Selecta Biosciences has posted three-month data on SEL-212 in chronic severe gout. The biotech painted data from the ongoing phase 2 trial as positive for the prospects of SEL-212, but the outside world took a different view, sending Selecta’s stock down by more than 20% premarket.
Watertown, Massachusetts-based Selecta designed SEL-212 to be a non-immunogenic version of uricase capable of clearing uric acid deposits from the body. The drug features a combination of SVP-Rapamycin and pegsiticase designed to induce the creation of regulatory T cells that stop antidrug antibodies from forming, thereby protecting the therapeutic enzyme and enabling sustained reductions in uric acid.
Selecta thinks interim data from the phase 2 trial support its hypothesis. Management talked up the fact that the serum uric acid levels of 75% of participants were below 6 mg/dl after three months and compared the dosing schedule and gout flare rate favorably to Krystexxa.
Krystexxa, now owned by Horizon Pharma, is a pegloticase drug that won FDA approval at the start of the decade on the strength of data showing it brought the uric acid levels of 38% to 47% of patients down below 6 mg/dl during the first six months of treatment.
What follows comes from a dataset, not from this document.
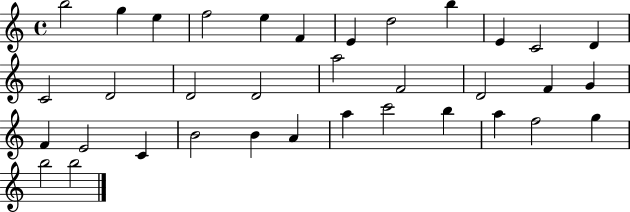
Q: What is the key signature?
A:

The rate of gout flare, a painful event, in the first few months of the Krystexxa trials was 74%. The one-month rate for SEL-212 was 25%.
The significance of the comparisons to Krystexxa is questionable given the small number of evaluable patients in the phase 2 SEL-212 trial and the usual caveats about cross-study comparisons.
Investors took against the data. Selecta’s stock price fell more than 20% in premarket trading, before improving somewhat once the financial day got properly underway. The stock is down 10% at the time of writing.
Selecta thinks the drug has a future, though, and is already making plans for phase 3. That trial will give six monthly injections of SEL-212 and assess the proportion of patients with serum uric acid levels below 6 mg/dl at three and six months.